Mainland economic activity slows
Sluggish data on real estate investments suggests that investors were jumping the gun when betting on a surging economic rebound

A shock fall in the mainland's broadest measure of credit in the economy and sluggish data for real estate investment in July flagged the risk that investors have got too optimistic too soon about the strength of a burgeoning economic rebound.
Economists say the performance will add pressure on Beijing to ease policy further to consolidate a still fragile economic rebound, while some expect growth will be sustained on fresh infrastructure investment.
"The slight growth rebound seen in the second quarter appeared short-lived, as the economy lacks momentum for sustained fast expansion," said Peng Xingyun, a senior researcher at the Chinese Academy of Social Sciences.
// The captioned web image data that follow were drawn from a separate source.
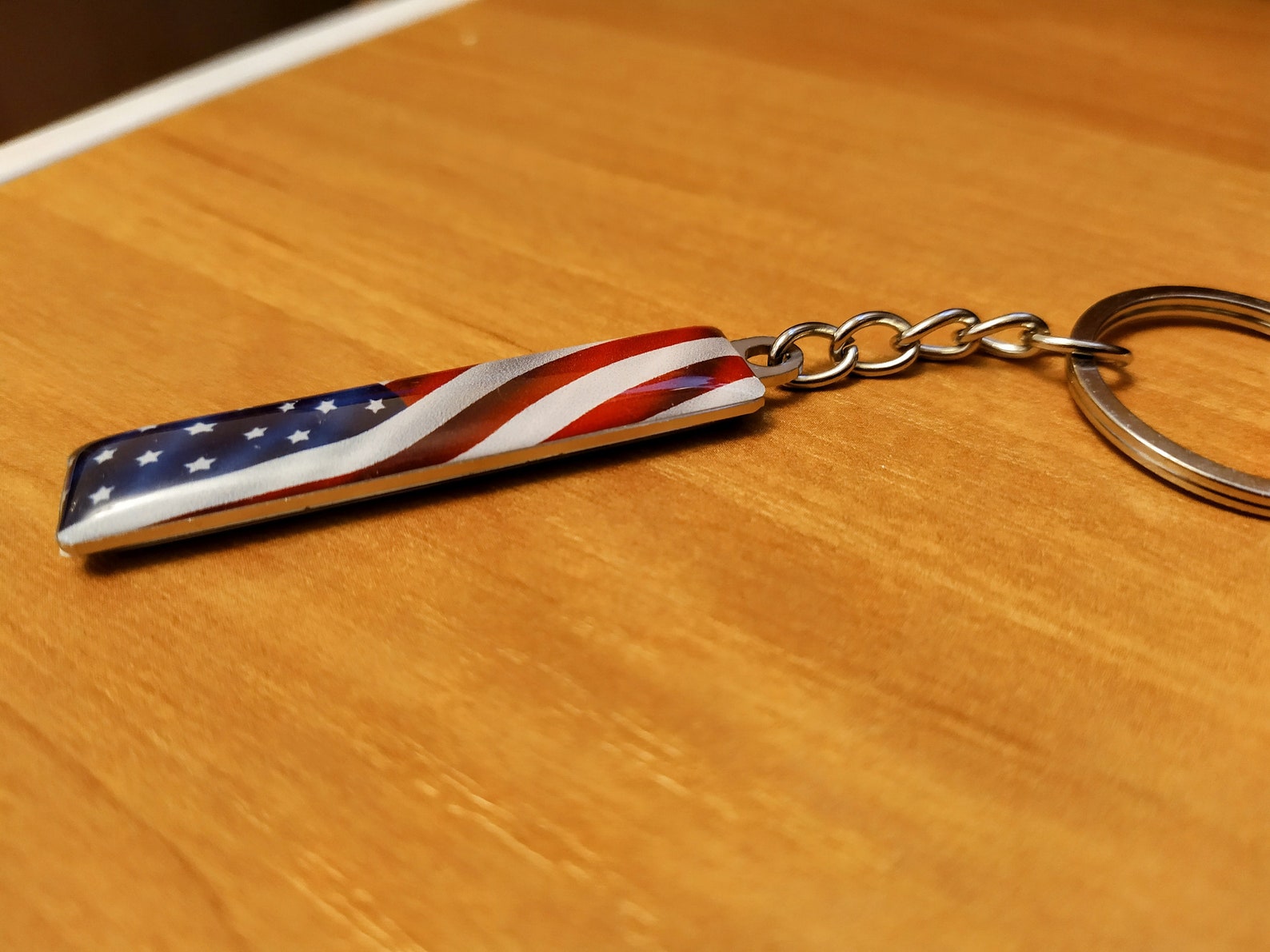 AMERICAN FLAG Keychain 3D Stickers Gift Photo of Your Choice Can and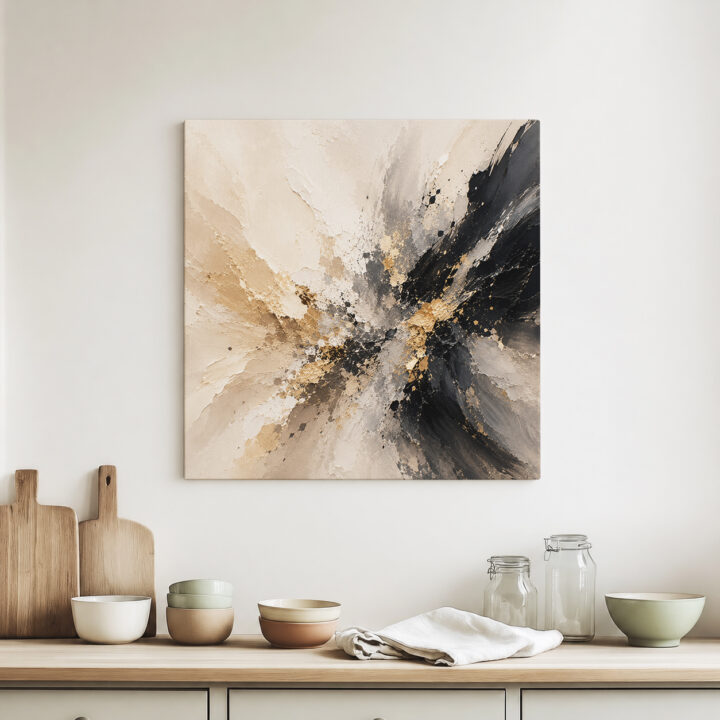 Leinwandbild Abstrakte Energie in Schwarzgold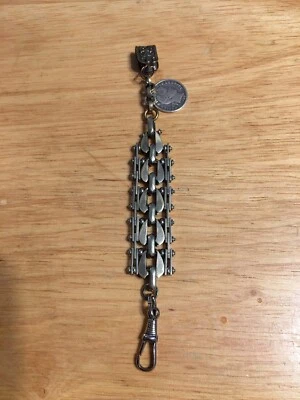Antique Georgian￼ Pocket Watch Fob Chain Chatelaine with 1895 Barber Dime - Image 1 of 4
The Shanghai Composite Index recouped earlier losses to close 0.1 per cent higher as investors speculated on further easing steps to come. Hong Kong's benchmark share index finished at its highest in more than 31/2 years, with the Hang Seng Index ending up 0.8 per cent at 24,890.34 points, while the China Enterprises Index of the leading offshore Chinese listings in Hong Kong rose 1.2 per cent.
"If investment growth slows further with a property market downturn hitting more cities," a cut on interest rate or "a slight reduction" on overall banks' reserve requirement ratio cannot be ruled out, Peng said.
New yuan loans issued in July slumped to 385.2 billion yuan (HK$484.9 billion), which may be a temporary fall back from a peak of 1.08 trillion yuan in June, but economists say it also reflects slow industrial demand.